At length the soldiers, who were scattered in different parts of the town, began gradually to combine their strength, and the savages, learning that re-enforcements were also approaching from Sudbury, were compelled to retire. They retreated across a bridge in the southwest part of the town, in the direction of Medway, keeping up a resolute firing upon their foes who pursued them. Having passed the stream, they set fire to the bridge to cut off pursuit. In exultation over their victory, Philip wrote, probably by the hand of some Christian Indian, the following letter to his enemies, which he attached to one of the charred and smouldering posts of the bridge.

Philip's letter.

"Know by this paper that the Indians that thou hast provoked to wrath and anger will war this twenty-one years, if you will. There are many Indians yet. We come three hundred at this time. You must consider the Indians lose nothing but their life. You must lose your fair houses and cattle."

Indian warfare.

The Indians now wandered about in comparatively small bands, making attacks wherever they thought that there was any chance of success, and marking their path with flames and blood. Without a moment's warning, and with hideous yells, they would dash from the forest upon the lonely settlements, and as suddenly retreat before the least effectual show of resistance. Weymouth, within eleven miles of Boston, was assailed, and several houses and barns burnt. They ventured even into the town of Plymouth, setting fire to a house and killing eleven persons.

An ambuscade.

A decoy.

The town burned.

On the 13th of March, the Indians, in a strong party four hundred in number, made an attack upon Groton. The inhabitants, alarmed by the fate of Lancaster, had retreated into five garrison houses. Four of these houses were within musket-shot of each other, but one was more than a mile distant from the rest. The savages very adroitly formed, in the night, two ambuscades, one before and one behind the four united garrisons. Early in the morning they sent a small party of Indians to show themselves upon a hill as a decoy. The inhabitants, supposing that the Indians, unaware of their preparations for resistance, had come in small numbers, very imprudently left two of the garrisons and pursued them. The Indians retreated with precipitation. The English eagerly pursued, when suddenly the party in ambush rose and poured a deadly fire upon them. In the mean time, the other party in ambush in rear of the garrison rushed to the palisades to cut off the retreat of the English. Covered, however, by the guns of the two other garrisons, they succeeded in regaining shelter. A similar attempt was made to destroy the solitary garrison, but it was alike unsuccessful. The Indians, however, had the whole town except the garrisons to themselves. They burned to the ground forty dwelling-houses, the church, and all the barns and out-houses. The cattle were fortunately saved, being inclosed within palisades under the protection of the garrisons.

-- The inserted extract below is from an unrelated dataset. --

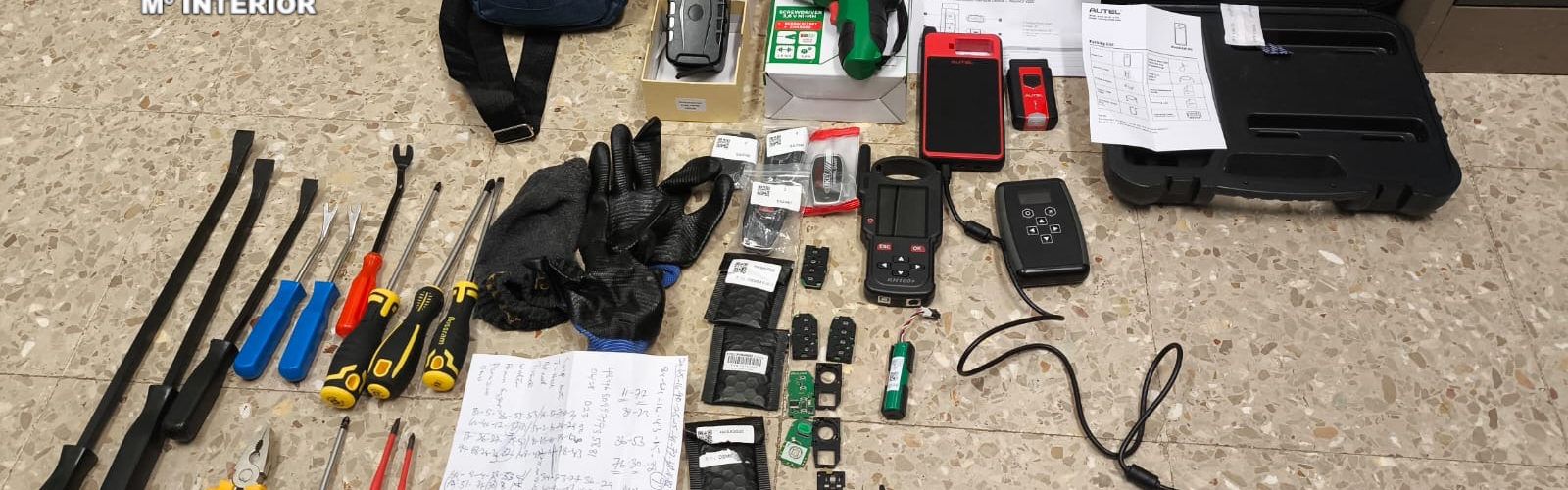 Detenidas tres personas por robo o hurto de uso de vehículos en Valencia y Barcelona, tras recuperarlos en Alcossebre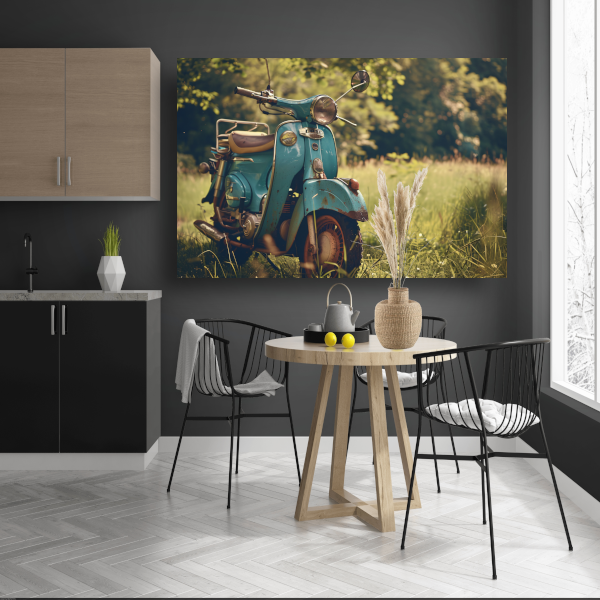 Minimalistische Scooter in Grasveld poster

A notorious Nipmuck chief, Monoco, called by the English One-eyed John, led this expedition. While the church was in flames, Monoco shouted to the men in the garrison, assailing them with every variety of Indian vituperative abuse. He had been so much with the English that he understood their language very well.

Monoco's threats.

"What will you do for a place to pray in," said he, "now that we have burned your meeting-house? We will burn Chelmsford, Concord, Watertown, Cambridge, Charlestown, Roxbury, and Boston. I have four hundred and eighty warriors with me; we will show you what we will do."

Monoco hung.

But a few months after this Monoco was taken prisoner, led through the streets of Boston with a rope round his neck, and hanged at the town's end.

Destruction of Warwick.

On the 17th of March, Warwick, in Rhode Island, was almost entirely destroyed. The next day another band of Indians attacked Northampton, on the Connecticut. But by this time most of the towns had fortified themselves with palisades and garrison houses. The Indians, after a fierce conflict, were repelled from Northampton with a loss of eleven men, while the English lost but three.

Alarm from the Indians.

On the Sabbath of the 26th of March, as the people of Marlborough were assembled at public worship, the alarming cry was shouted in at the door, "The Indians! the Indians!" An indescribable scene of confusion instantly ensued, as the whole congregation rushed out to seek shelter in their garrison. The terror and confusion were awfully increased by a volley of bullets, which the Indians, as they came rushing like demons over the plain, poured in upon the flying congregation. Fortunately, the savages were at such a distance that none were wounded excepting one man, who was carrying an aged and infirm woman. His arm was broken by a ball. All, however, succeeded in gaining the garrison house, which was near at hand. The meeting-house and most of the dwelling-houses were burned. The orchards were cut down, and all other ruin perpetrated which savage ingenuity could devise.

Exultation of the Indians.

The Indians, exultant with success, encamped that night in the woods not far from Marlborough, and kept the forest awake with the uproar of their barbarian wassail. The colonists immediately assembled a small band of brave men, fell upon them by surprise in the midst of their carousals, shot forty and dispersed the rest.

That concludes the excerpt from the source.